No. The alternative is the modular monolith. This sounds like an oxymoron, but it functions like a dream. It is the architectural equivalent of a sensible sedan. It is not flashy. It will not make people jealous at traffic lights. But it starts every morning, it carries all your groceries, and it does not require a specialized mechanic flown in from Italy to change the oil.
You separate concerns inside the same codebase. You make your boundaries clear. You enforce modularity with code structure rather than network latency. When a module truly needs to scale differently, or a team truly needs autonomy, you extract it. You do this not because a conference speaker told you to, but because your profiler and your sprint retrospectives are screaming it.
Your architecture should match your team size.
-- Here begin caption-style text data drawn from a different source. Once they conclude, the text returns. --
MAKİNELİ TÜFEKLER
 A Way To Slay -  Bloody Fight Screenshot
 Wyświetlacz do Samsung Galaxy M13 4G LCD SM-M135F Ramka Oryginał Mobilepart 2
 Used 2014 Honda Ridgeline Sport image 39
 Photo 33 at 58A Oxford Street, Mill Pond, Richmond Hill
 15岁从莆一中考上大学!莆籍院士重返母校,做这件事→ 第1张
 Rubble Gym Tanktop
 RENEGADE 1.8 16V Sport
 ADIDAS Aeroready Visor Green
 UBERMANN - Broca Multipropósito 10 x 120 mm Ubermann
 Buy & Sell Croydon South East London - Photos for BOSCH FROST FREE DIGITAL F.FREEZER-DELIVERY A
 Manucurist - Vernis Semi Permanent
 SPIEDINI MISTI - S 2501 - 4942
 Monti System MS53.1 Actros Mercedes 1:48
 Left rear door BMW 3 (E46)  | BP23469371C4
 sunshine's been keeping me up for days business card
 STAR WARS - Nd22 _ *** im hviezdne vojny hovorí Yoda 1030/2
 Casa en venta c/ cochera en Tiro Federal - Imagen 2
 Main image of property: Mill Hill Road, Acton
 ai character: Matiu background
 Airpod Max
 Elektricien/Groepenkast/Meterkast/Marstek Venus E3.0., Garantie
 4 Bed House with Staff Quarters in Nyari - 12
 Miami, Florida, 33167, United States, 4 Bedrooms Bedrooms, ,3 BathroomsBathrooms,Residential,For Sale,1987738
Three engineers do not need a service per person. They need a codebase they can understand without opening seventeen browser tabs. There is no shame in this. The shame is in building a distributed system so brittle that every deploy feels like defusing a bomb in an action movie, but without the cool soundtrack.
Epilogue
Architectural patterns are like diet fads. They come in waves, each promising total transformation. One decade, it is all about small meals, the next it is intermittent fasting, the next it is eating only raw meat like a caveman.
The truth is boring and unmarketable. Balance works. Microservices have their place. They are essential for organizations with thousands of developers who need to work in parallel without stepping on each other’s toes. They are great for systems that genuinely have distinct, isolated scaling needs.
For everything else, simplicity remains the ultimate sophistication. It is also the ultimate sanity preserver.
Next time someone tells you monoliths are dead, ask them how many incident response meetings they attended this week. The answer might be all the architecture review you need.
(Footnote: If they answer “zero,” they are either lying, or their pager duty alerts are currently stuck in a dead letter queue somewhere between Service A and Service B.)